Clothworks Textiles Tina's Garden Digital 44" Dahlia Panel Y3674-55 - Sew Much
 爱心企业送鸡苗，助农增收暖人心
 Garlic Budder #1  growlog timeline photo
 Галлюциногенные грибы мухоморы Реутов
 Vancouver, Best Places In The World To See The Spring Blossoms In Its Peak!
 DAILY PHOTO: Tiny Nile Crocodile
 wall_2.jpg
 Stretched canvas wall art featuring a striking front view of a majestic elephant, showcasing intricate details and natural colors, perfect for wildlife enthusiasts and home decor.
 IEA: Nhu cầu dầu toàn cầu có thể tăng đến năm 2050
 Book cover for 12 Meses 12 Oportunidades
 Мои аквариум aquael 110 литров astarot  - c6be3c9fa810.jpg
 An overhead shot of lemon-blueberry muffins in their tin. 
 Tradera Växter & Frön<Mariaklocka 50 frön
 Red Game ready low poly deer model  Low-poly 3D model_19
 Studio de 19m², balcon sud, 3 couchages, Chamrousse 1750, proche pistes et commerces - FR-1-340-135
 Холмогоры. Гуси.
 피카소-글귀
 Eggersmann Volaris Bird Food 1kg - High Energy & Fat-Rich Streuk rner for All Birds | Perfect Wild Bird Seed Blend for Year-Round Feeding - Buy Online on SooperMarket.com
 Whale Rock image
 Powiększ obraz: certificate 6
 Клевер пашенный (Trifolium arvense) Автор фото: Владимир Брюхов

+--

**PROBLEM:** Write out, unaltered, the lines from the opening of the listing through the line that includes "Vancouver, Best Places".

**ANSWER SPACE:**
Clothworks Textiles Tina's Garden Digital 44" Dahlia Panel Y3674-55 - Sew Much
 爱心企业送鸡苗，助农增收暖人心
 Garlic Budder #1  growlog timeline photo
 Галлюциногенные грибы мухоморы Реутов
 Vancouver, Best Places In The World To See The Spring Blossoms In Its Peak!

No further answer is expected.